Le départ du docteur Titus Ududec du cabinet de Calacuccia mi-août avait suscité une certaine inquiétude dans la micro-région. Si son remplacement n’a pas été chose évidente, la mobilisation des élus des cinq communes a récemment payé puisqu’un nouveau praticien a annoncé son installation à temps plein à compter du 1er janvier



(Photo d'illustration)
(Photo d'illustration)
C’est un problème bien connu de nombreux territoires ruraux. Après 5 ans de bons et loyaux services au sein du cabinet de Calacuccia, le docteur Titus Ududec a quitté le Niolu au milieu du mois d’août, laissant derrière lui la perspective d’un désert médical. « C’est un médecin étranger qui était arrivé sur un coup de chance à une époque où nous n’avions déjà plus de médecin sur le canton depuis plusieurs mois », rappelle Benjamin Luciani, adjoint au maire de Calacuccia, tout en saluant le travail que le praticien a effectué auprès de la population niulinca depuis 2018. En mars dernier, quand le docteurUdudec fait part de son désir de quitter l’île pour des raisons familiales, c’est donc la douche froide pour la micro-région. Et l’inquiétude ne tarde pas à naître, le remplacement d’un médecin généraliste en plein cœur de la Corse n’étant pas chose aisée.
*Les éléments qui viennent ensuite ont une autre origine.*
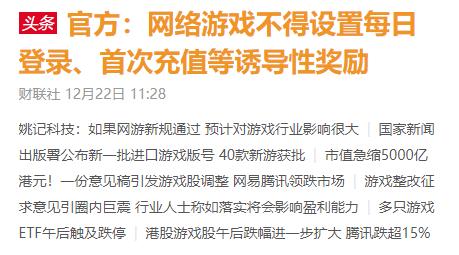 网络游戏早该整治了，短视频也不是啥好东西！

财联社12月22日讯，国家新闻出版
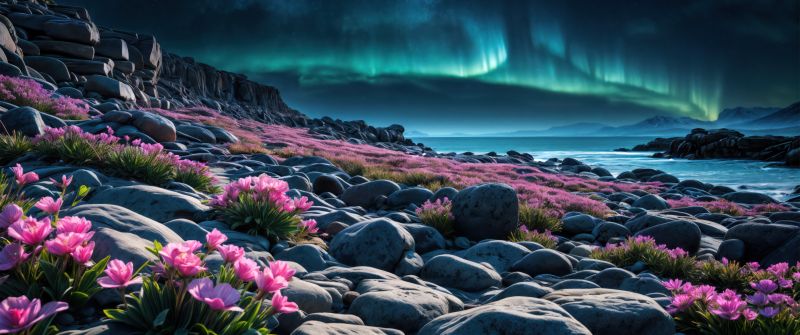 Rocky beach, Aurora sky, Landscape, Aurora Borealis, Serenity, Majestic, Northern Lights, 5K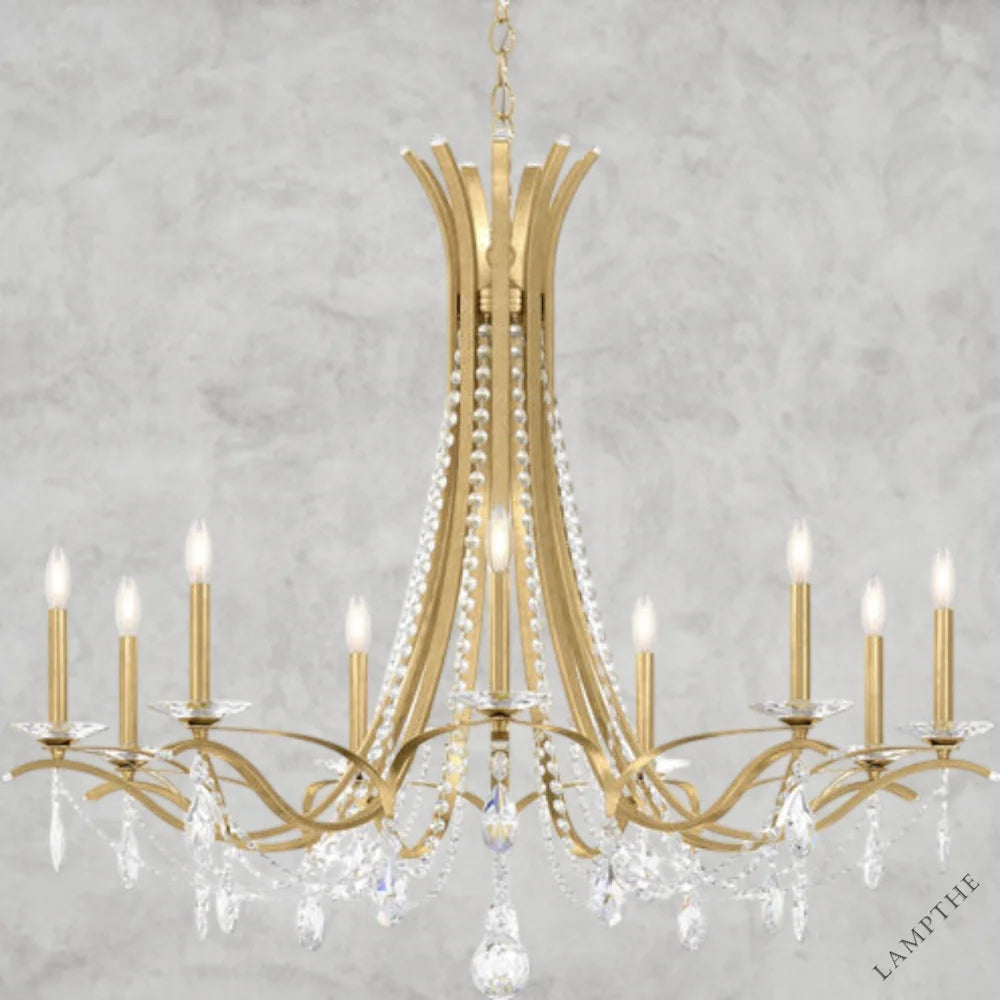 Gold / Clear Heritage Crystal Vesca Round Chandelier 45"
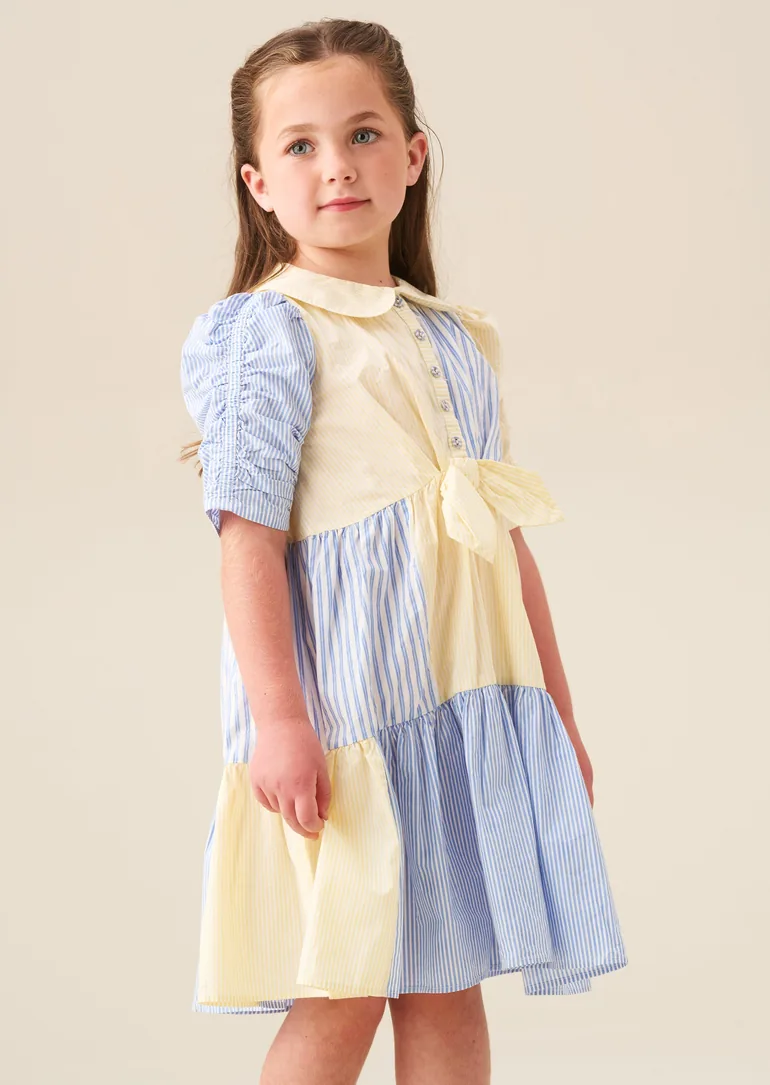 Frankie Blue Mixed Stripe Shirt Dress - Blue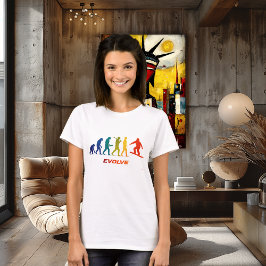 Camiseta Diseño de Salto de Silueta de Evolución de Snowboa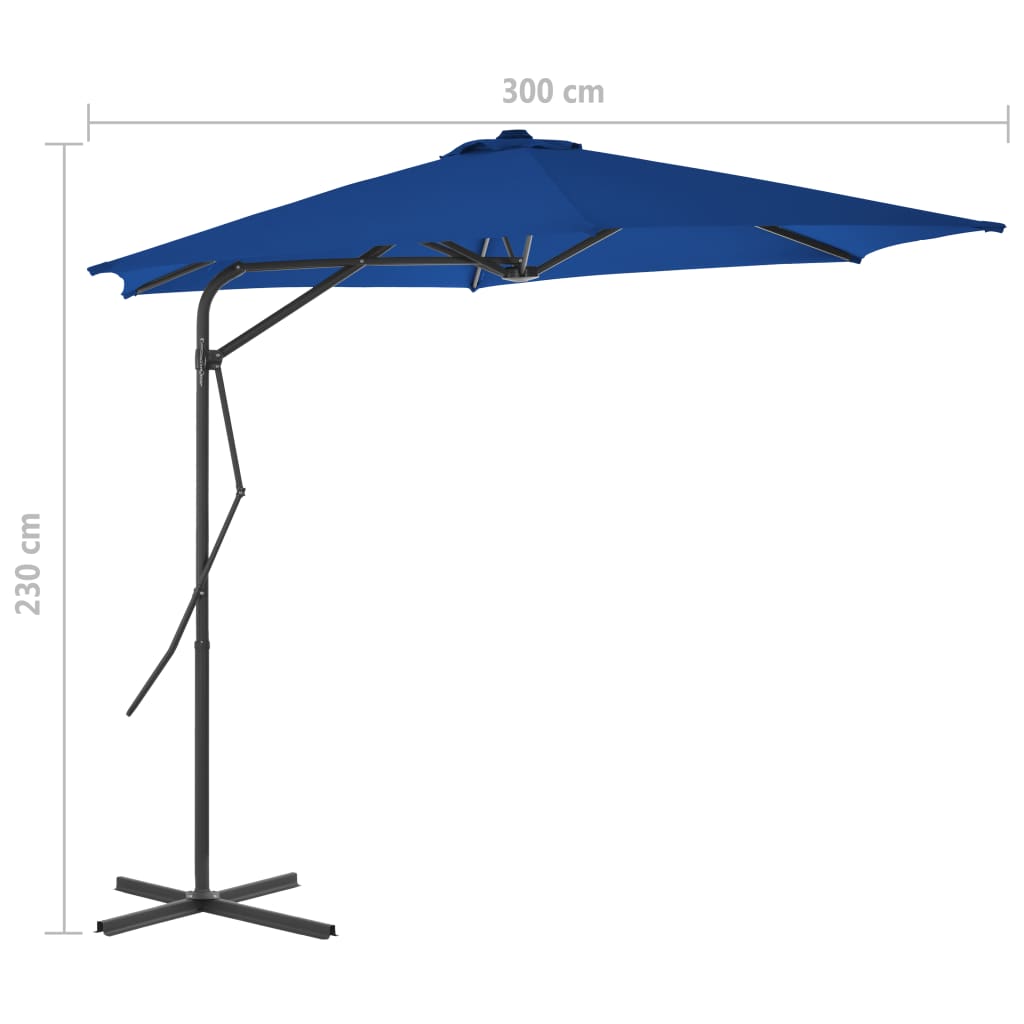 Ombrellone da Giardino con Palo in Acciaio Blu 300x230 cm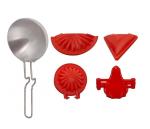 First Front Aluminium Tadka Pan With 4 Pcs Solid Plastic Sancha Set and (Multicolour, Pack of 2)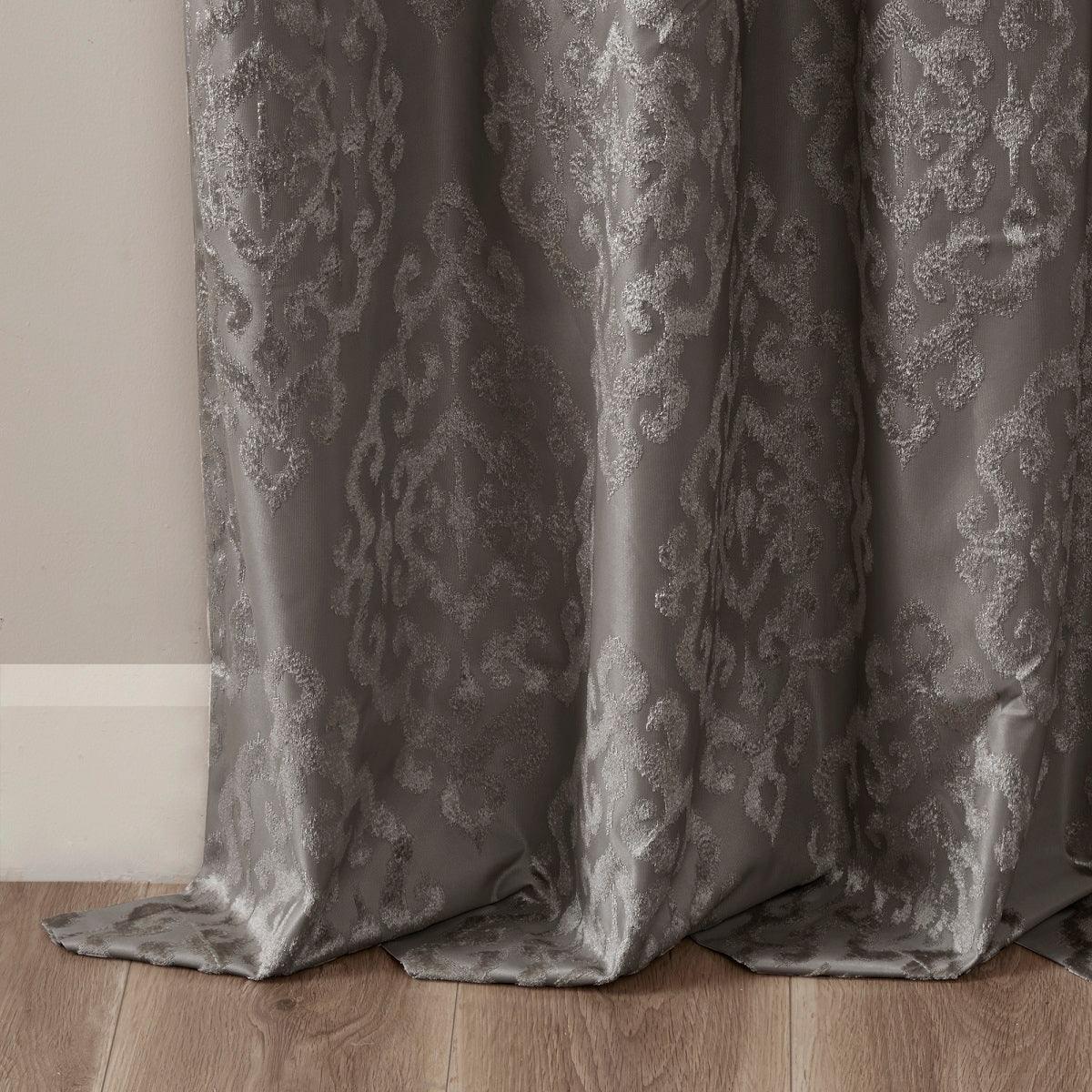 Mirage 108 H Knitted Jacquard Damask Total Blackout Grommet Top Curtain Panel Charcoal Olliix.com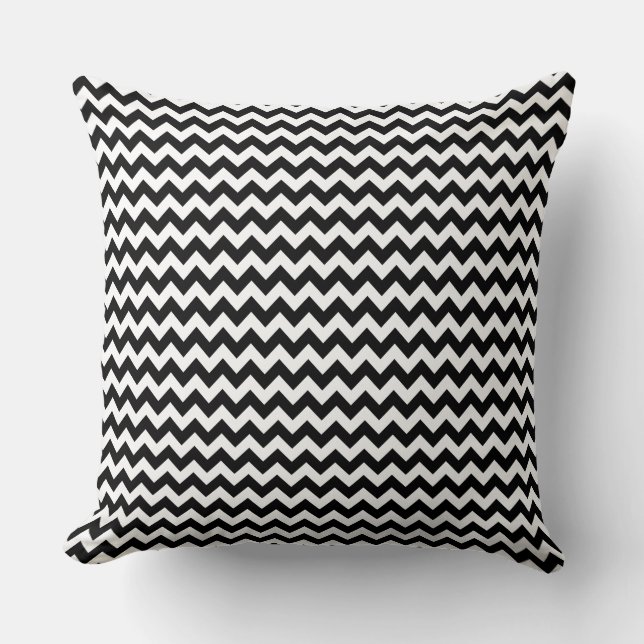 Elegant Black And White Stripes Throw Pillow (Front)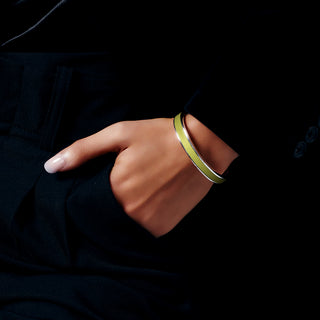 Pomelo Green Edge Bangle - Sterling Silver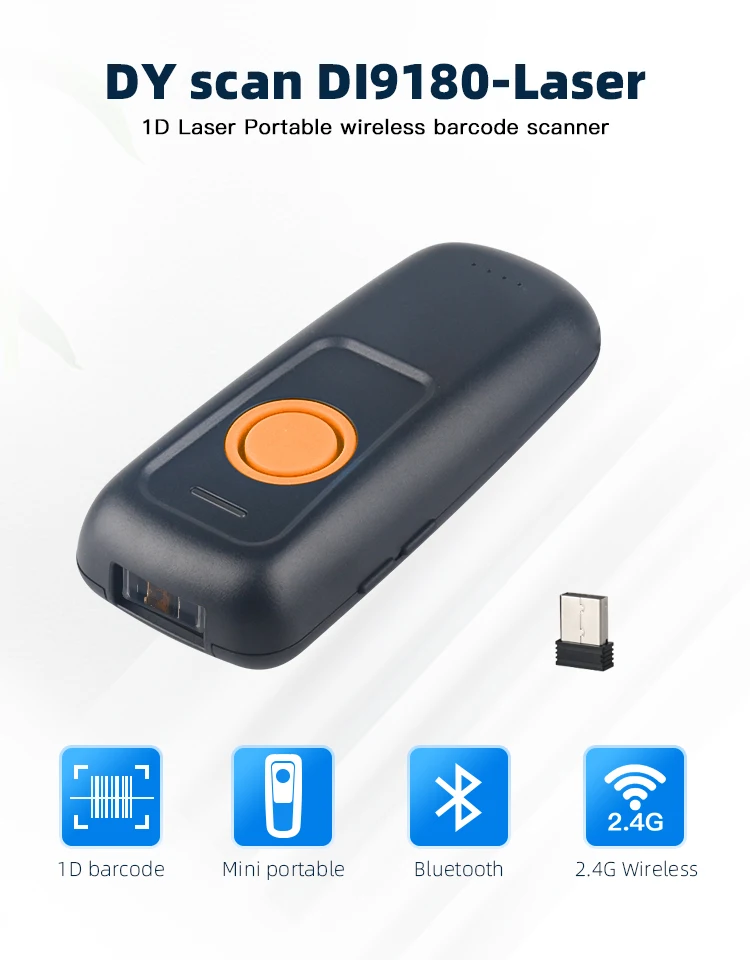 Long Range Dual Mode Barcode Reader 1d Wireless Bluetooth 2.4g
Devant l’urgence de la situation, les élus des cinq communes du Niolu s’astreignent dès lors à travailler de concert pour mobiliser tous les institutionnels tels que l’Agence Régionale de Santé de Corse, la Caisse Primaire d’Assurance Maladie, le Comité de massif, la Collectivité de Corse, ou encore le conseil de l’ordre des médecins sur le sujet.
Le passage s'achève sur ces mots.